Todo pasa y todo queda. El mundo se prepara para ver la despedida de los Juegos Olímpicos 2012 y el cronista inicia su última nota; las imágenes tienen el vértigo de un clip musical.
Ya es historia rápidamente envejecida aquella primera alegría argentina de los Juegos que fue, más aun que la medalla que ganó después, verlo a Juan Martín disputar un épico partido con el mejor del mundo. La emoción de ese día será parte de la propia historia del tenis. Del Potro, que ganó un Grand Slam, ya es más respetado por su actuación, su entrega, su coraje en los Juegos de Londres que por lo del Abierto de Estados Unidos.
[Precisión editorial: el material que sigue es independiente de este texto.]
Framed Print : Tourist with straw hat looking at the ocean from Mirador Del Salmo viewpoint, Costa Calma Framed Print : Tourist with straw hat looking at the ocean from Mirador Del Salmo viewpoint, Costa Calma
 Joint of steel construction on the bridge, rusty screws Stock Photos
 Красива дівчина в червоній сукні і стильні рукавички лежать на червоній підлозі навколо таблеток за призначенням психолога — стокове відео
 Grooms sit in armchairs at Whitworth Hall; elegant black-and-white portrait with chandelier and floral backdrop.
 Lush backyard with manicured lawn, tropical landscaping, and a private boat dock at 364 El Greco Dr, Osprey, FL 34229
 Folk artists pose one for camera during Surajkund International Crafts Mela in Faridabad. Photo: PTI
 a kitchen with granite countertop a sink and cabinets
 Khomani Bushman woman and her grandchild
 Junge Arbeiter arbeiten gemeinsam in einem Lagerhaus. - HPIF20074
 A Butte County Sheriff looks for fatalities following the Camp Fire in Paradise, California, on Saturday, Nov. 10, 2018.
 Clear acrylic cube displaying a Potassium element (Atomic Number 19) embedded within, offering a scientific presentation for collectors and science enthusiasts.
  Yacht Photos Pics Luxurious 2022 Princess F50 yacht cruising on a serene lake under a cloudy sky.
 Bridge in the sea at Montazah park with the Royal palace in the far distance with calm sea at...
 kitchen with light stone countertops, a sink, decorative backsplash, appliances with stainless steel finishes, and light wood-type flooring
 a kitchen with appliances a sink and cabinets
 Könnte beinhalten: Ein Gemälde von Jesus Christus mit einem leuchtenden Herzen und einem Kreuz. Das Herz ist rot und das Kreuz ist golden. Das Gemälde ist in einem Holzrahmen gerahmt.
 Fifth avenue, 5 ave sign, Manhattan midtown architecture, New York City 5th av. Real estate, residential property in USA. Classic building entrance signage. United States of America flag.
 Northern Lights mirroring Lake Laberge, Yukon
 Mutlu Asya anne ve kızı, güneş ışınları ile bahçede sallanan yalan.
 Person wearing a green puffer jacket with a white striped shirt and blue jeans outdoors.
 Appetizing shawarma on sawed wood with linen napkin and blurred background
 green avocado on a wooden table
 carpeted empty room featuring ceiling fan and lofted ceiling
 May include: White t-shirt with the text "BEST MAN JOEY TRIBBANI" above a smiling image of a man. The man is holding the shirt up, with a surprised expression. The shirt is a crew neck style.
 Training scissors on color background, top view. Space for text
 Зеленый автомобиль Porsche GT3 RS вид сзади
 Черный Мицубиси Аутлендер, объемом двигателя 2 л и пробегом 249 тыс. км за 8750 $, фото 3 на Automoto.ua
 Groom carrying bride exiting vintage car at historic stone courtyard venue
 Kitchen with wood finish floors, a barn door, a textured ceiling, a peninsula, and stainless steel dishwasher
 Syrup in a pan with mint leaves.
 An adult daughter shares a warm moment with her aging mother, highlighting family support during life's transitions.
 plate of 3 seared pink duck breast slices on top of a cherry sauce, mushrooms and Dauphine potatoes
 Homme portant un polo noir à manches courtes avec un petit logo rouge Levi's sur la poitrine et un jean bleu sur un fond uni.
Porque como nunca, fue el anhelo de un país queriendo salir a flote. Por eso, de todas las fotos argentinas, esa es la más potente, la heroica. ¡Pero sucedió hace tanto tiempo! Ahora, entre miles de millones, el cronista observa los despliegues rutilantes de la última secuencia de la fiesta, caminan por ese cielo iluminado los pies de Bolt, aletean los brazos de Phelps, salta y rebotea Lebron James, los remeros nos miran mientras avanzan de espaldas a la meta, Federico Molinari pierde equilibrio en la última salida, unos pibes acostados en su nave ganan una medalla que buena falta hacía entonces, un muchacho informa que su apellido es Crismanich a todos los que preguntan frente al televisor qué es lo que tiene que hacer para ganar en eso que se llama Taekwondo, y a todos los neófitos les parece que es lo mismo que judo, o karate o todo eso de los chinos, o de los coreanos, no se sabe bien, pero cuando en la pantalla leen el 1-0 ya entienden que la patada del pibe argentino fue una genialidad, le amagó de acá y se la puso allá, y lo llaman Sebastián, ya es Sebastián más que Crismanich, y el pibe es oro puro en su corrección y humildad después de nacer por segunda vez en la vida. Ahora, cuando el periodista ve a través de la humedad de los ojos –porque siempre tienen algo triste los adioses–, pasa Ginóbili con los muchachos que estarán para siempre en el bronce al cabo de una época quizás irrepetible, y deja algunas sentencias finales, como que lo que pasó en el foul que no le dieron a Prigioni y que podía cambiar el partido con Rusia fue un error de tantos y que un ratito antes los jueces lo habían perdonado a él; que ya está, ya pasó, basta; y pasa Luciana como pidiendo disculpas porque se despidió nada más que con plata, caramba, como si fuera poco en los difíciles tiempos de las transiciones.
¿Cuál será el último de los artificios? ¿Qué será lo que quede flotando sobre el cielo de Londres, además de un silencio de melancolía? ¿Será el rostro de Bolt y su ademán homérico de lanzar una flecha después de la victoria? ¿Será la pena de volver a las habitaciones de la Villa y de los hoteles para hacer las valijas sin entender por qué se fue tan rápido?
Un pedacito de la vida de todos transcurrió para siempre con la velocidad de una carrera de 100 metros.